Return the entries that follow exactly, with no images.

++++++++++++++++++++

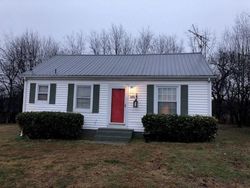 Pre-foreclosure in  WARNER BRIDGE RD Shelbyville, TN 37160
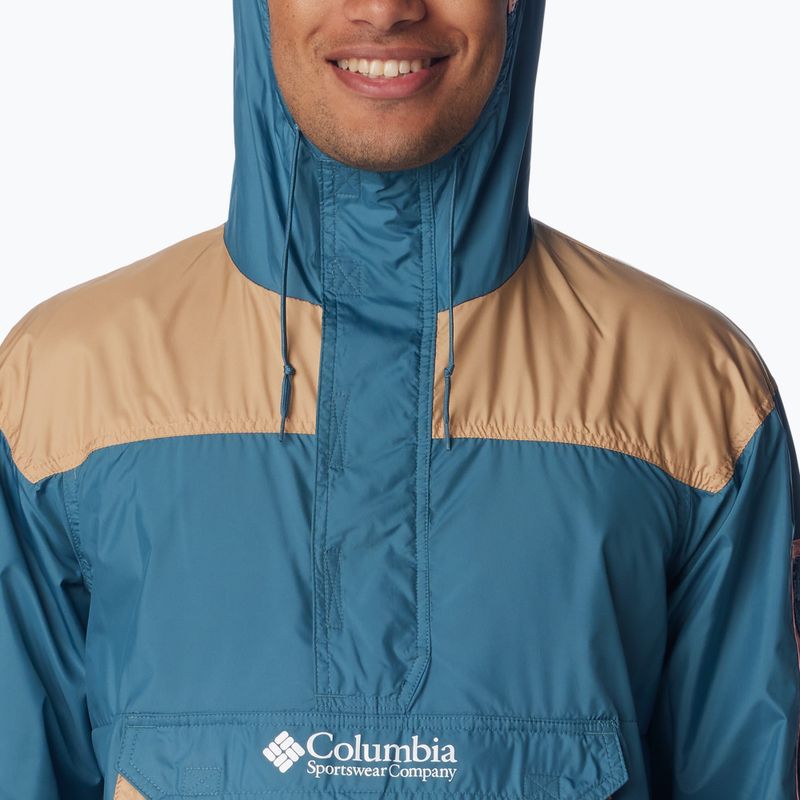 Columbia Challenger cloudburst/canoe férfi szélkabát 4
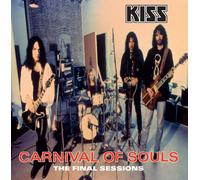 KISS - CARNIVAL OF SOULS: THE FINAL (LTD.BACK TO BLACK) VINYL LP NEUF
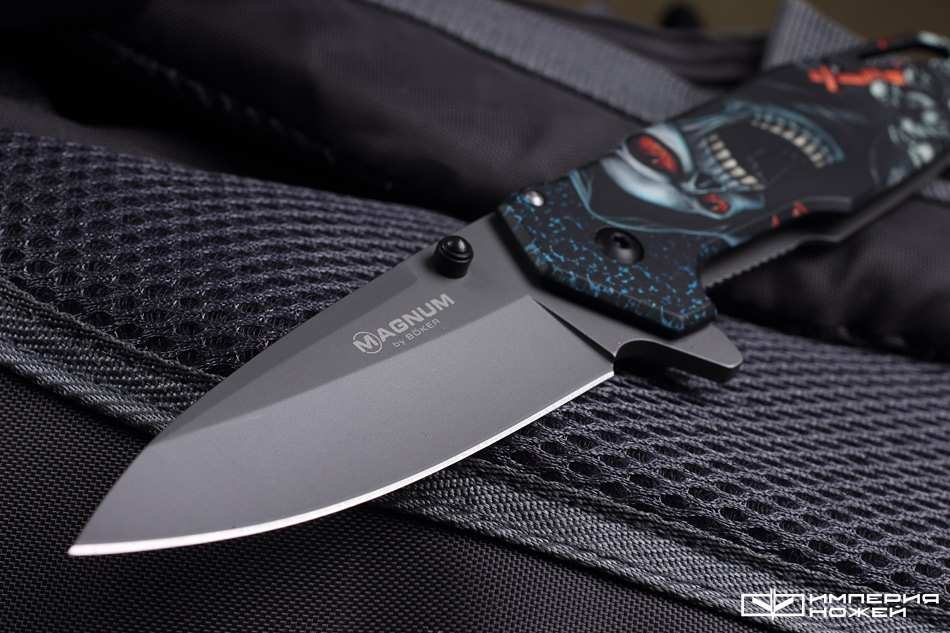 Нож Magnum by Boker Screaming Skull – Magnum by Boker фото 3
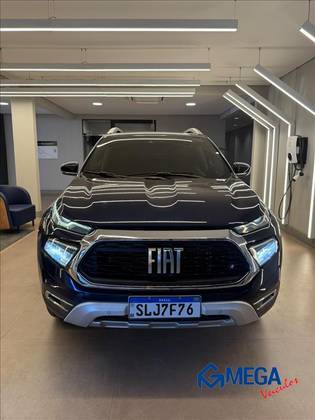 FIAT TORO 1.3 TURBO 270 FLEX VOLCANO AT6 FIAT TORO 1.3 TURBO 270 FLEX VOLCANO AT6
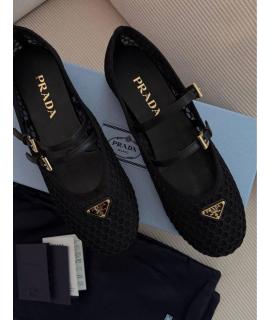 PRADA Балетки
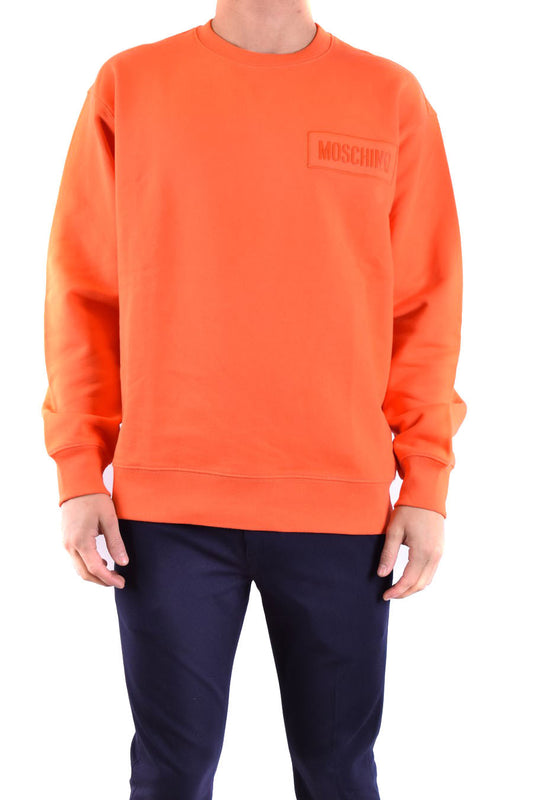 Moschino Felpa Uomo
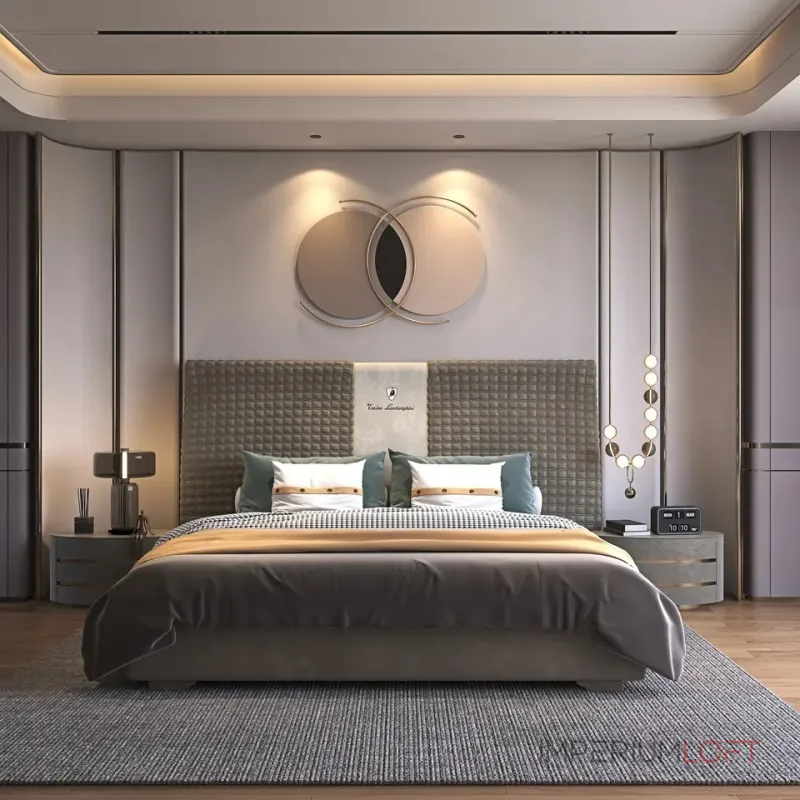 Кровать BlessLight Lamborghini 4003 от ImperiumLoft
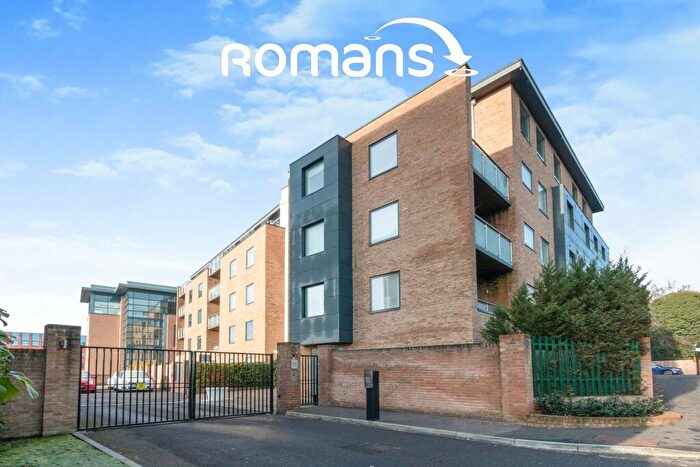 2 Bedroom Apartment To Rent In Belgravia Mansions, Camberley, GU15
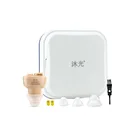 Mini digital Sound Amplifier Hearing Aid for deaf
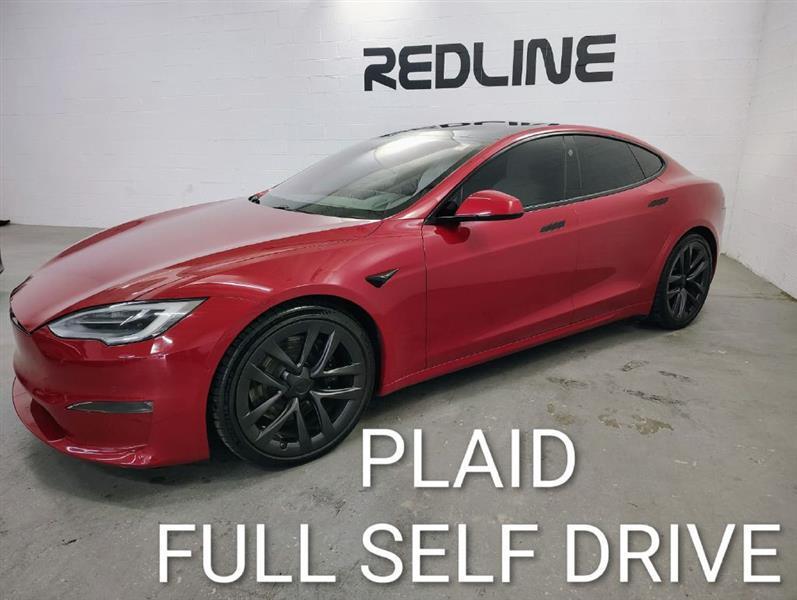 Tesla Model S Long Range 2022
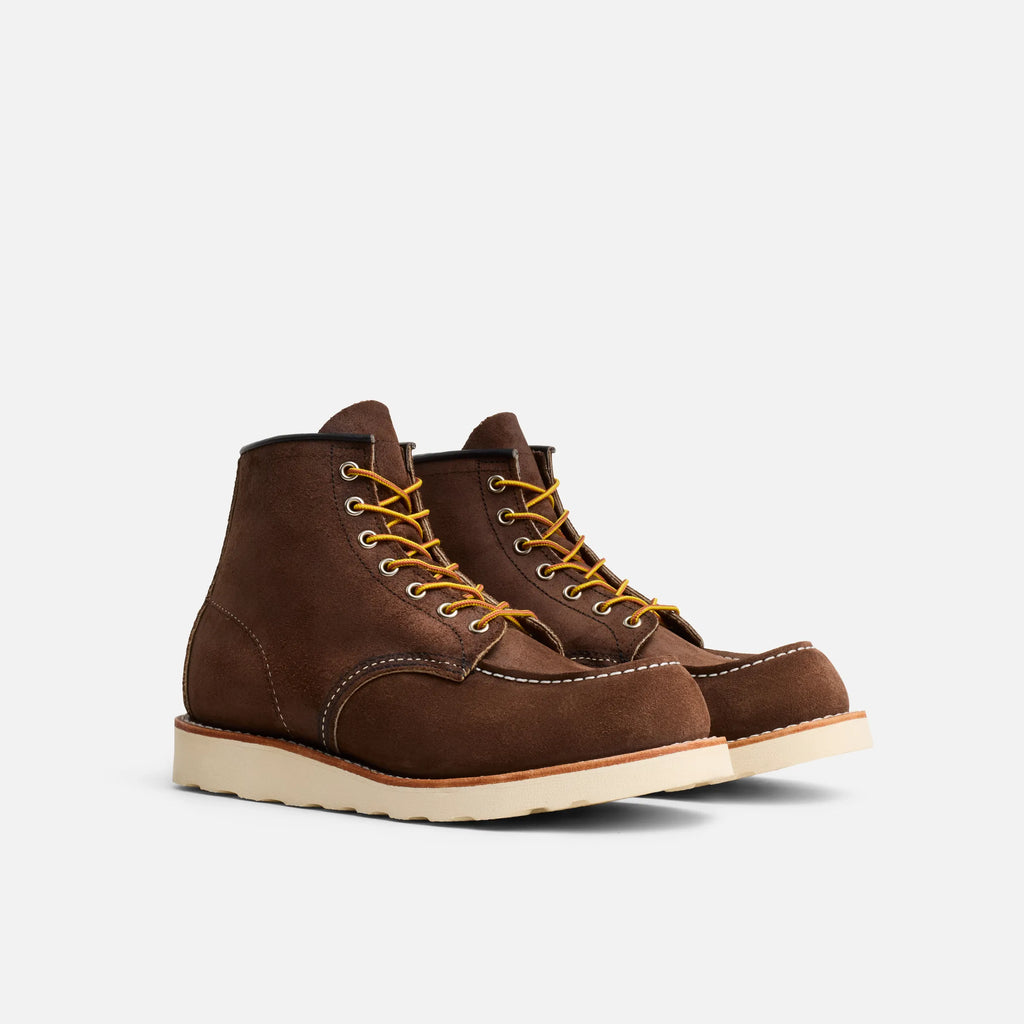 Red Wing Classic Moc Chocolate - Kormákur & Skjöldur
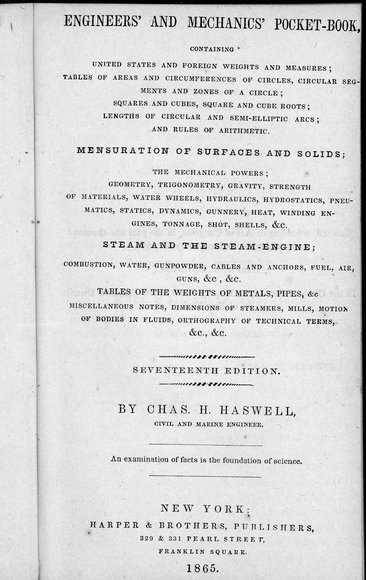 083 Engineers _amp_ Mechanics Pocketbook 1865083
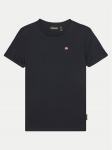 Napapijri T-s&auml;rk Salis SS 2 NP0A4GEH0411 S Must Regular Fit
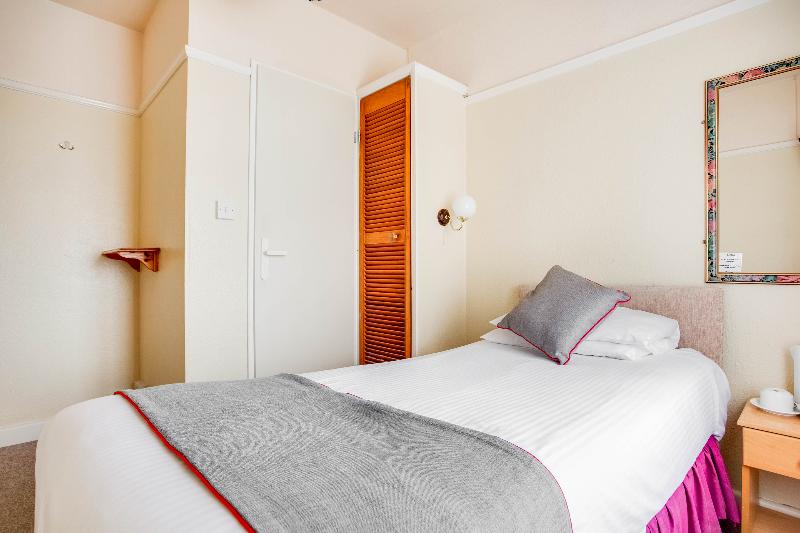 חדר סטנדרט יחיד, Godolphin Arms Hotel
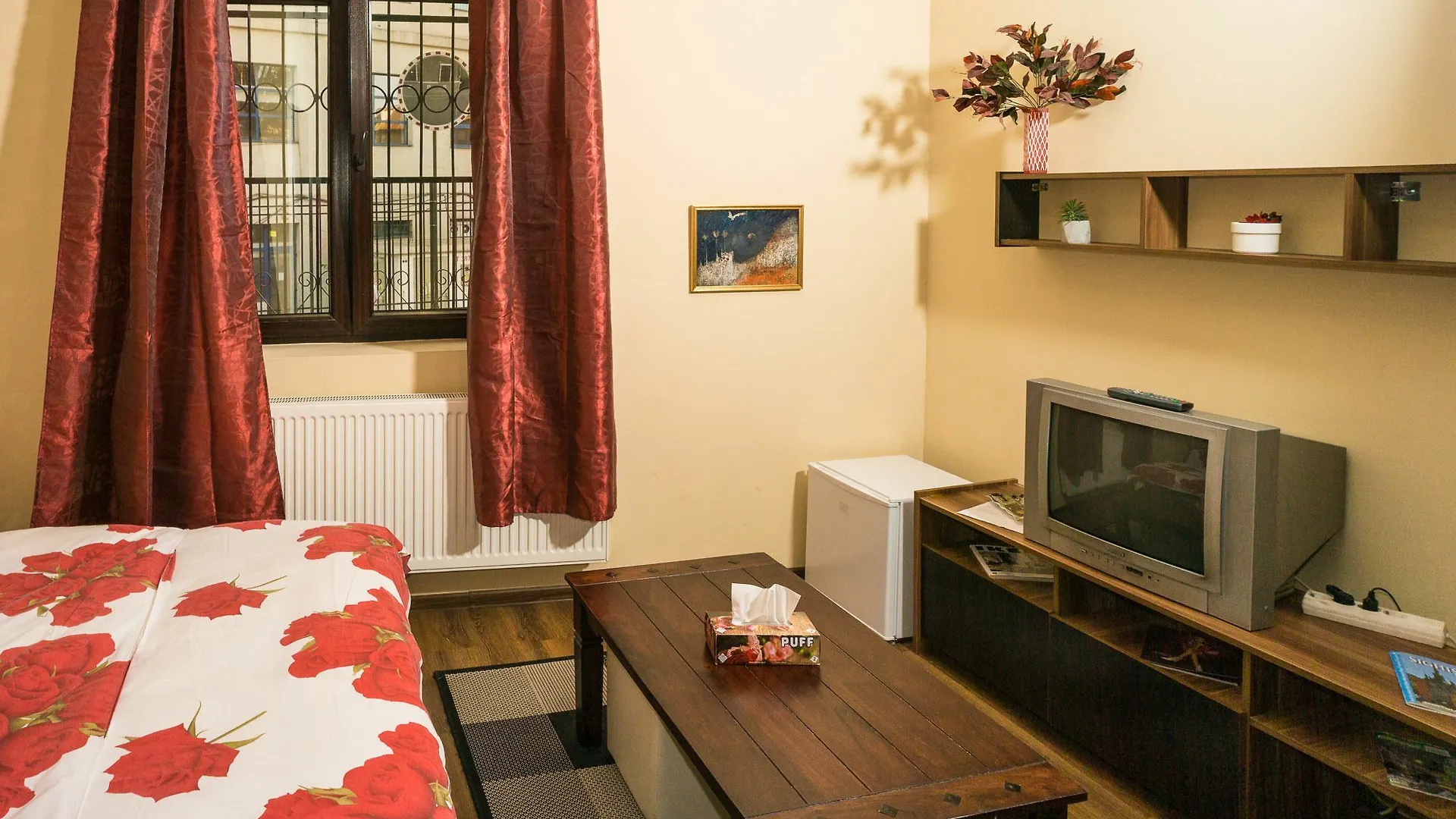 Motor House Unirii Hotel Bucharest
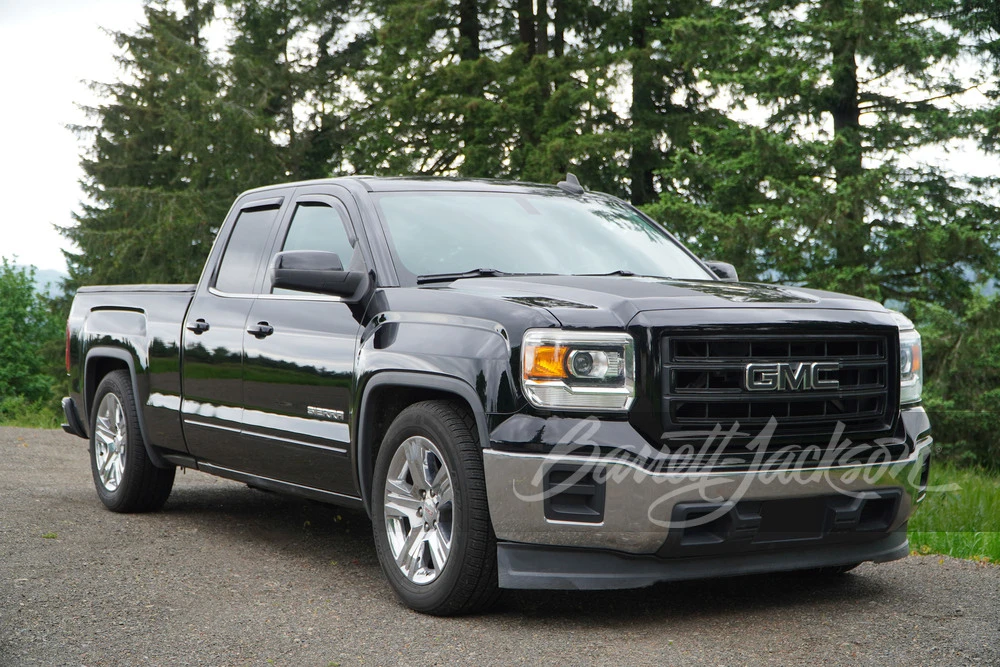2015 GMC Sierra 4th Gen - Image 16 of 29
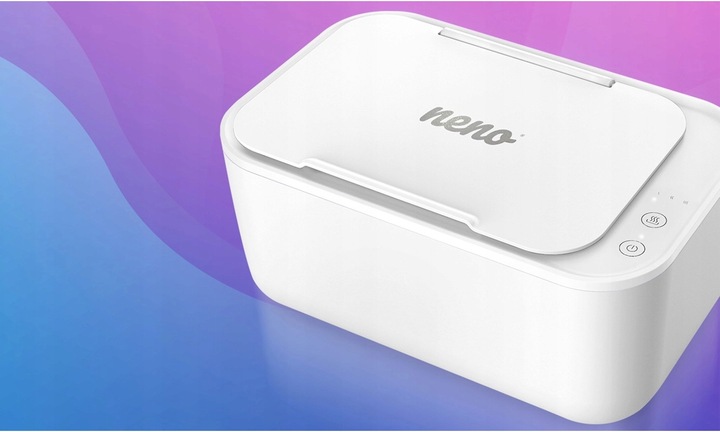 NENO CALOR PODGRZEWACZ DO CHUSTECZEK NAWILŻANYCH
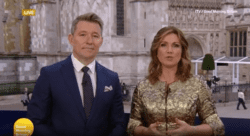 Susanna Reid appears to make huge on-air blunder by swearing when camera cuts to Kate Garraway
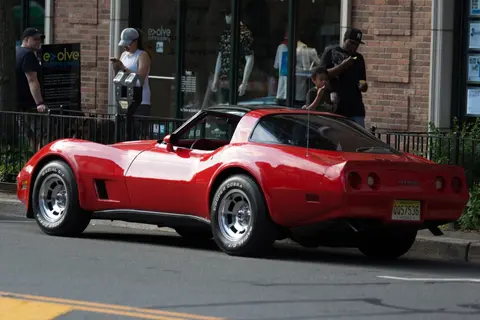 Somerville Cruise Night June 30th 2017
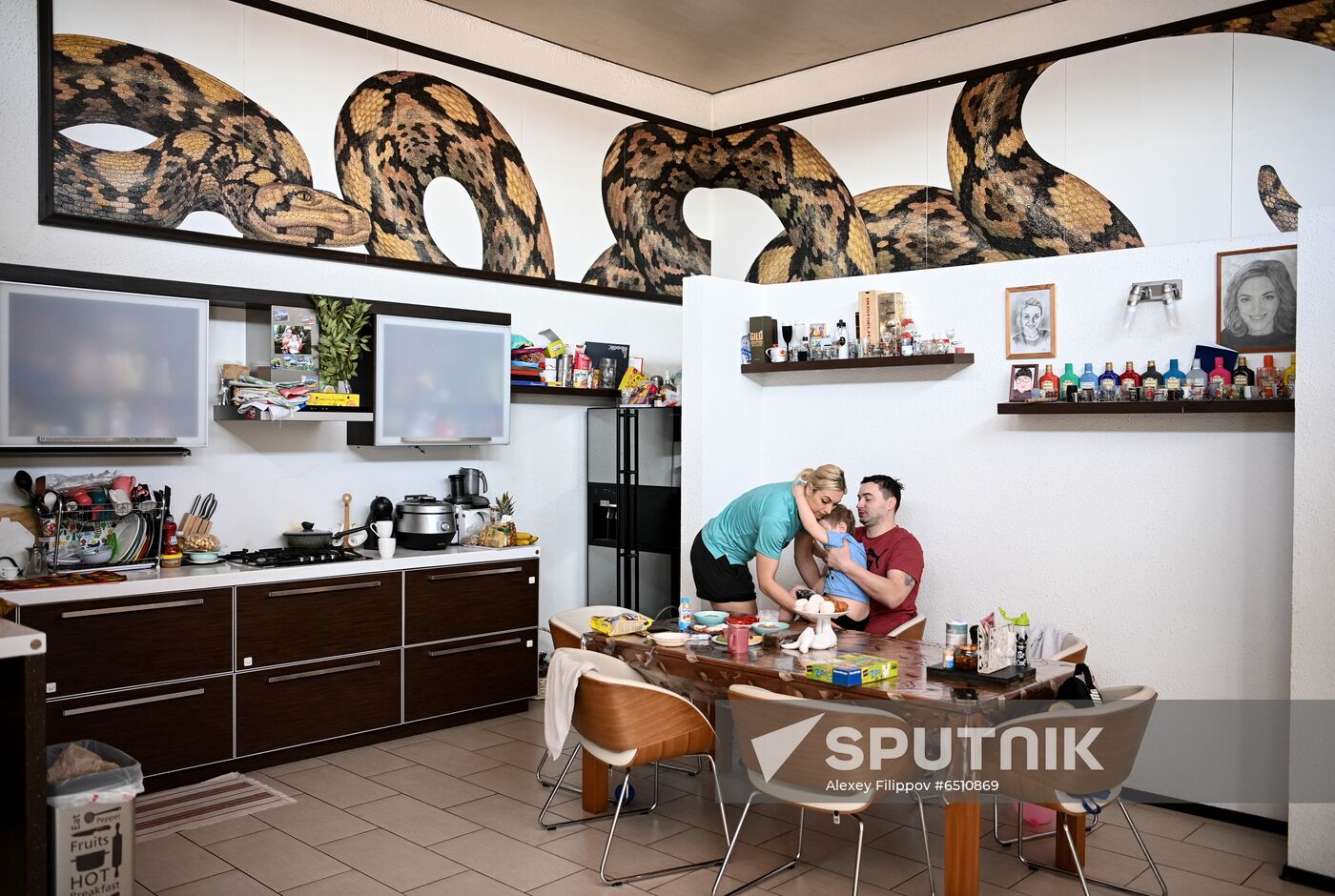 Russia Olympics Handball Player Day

++++++++++++++++++++

ANSWER TO THIS EXERCISE:
 Pre-foreclosure in  WARNER BRIDGE RD Shelbyville, TN 37160
 Columbia Challenger cloudburst/canoe férfi szélkabát 4
 KISS - CARNIVAL OF SOULS: THE FINAL (LTD.BACK TO BLACK) VINYL LP NEUF
 Нож Magnum by Boker Screaming Skull – Magnum by Boker фото 3
 FIAT TORO 1.3 TURBO 270 FLEX VOLCANO AT6 FIAT TORO 1.3 TURBO 270 FLEX VOLCANO AT6
 PRADA Балетки
 Moschino Felpa Uomo
 Кровать BlessLight Lamborghini 4003 от ImperiumLoft
 2 Bedroom Apartment To Rent In Belgravia Mansions, Camberley, GU15
 Mini digital Sound Amplifier Hearing Aid for deaf
 Tesla Model S Long Range 2022
 Red Wing Classic Moc Chocolate - Kormákur & Skjöldur
 083 Engineers _amp_ Mechanics Pocketbook 1865083
 Napapijri T-s&auml;rk Salis SS 2 NP0A4GEH0411 S Must Regular Fit
 חדר סטנדרט יחיד, Godolphin Arms Hotel
 Motor House Unirii Hotel Bucharest
2015 GMC Sierra 4th Gen - Image 16 of 29
 NENO CALOR PODGRZEWACZ DO CHUSTECZEK NAWILŻANYCH
 Susanna Reid appears to make huge on-air blunder by swearing when camera cuts to Kate Garraway
 Somerville Cruise Night June 30th 2017
 Russia Olympics Handball Player Day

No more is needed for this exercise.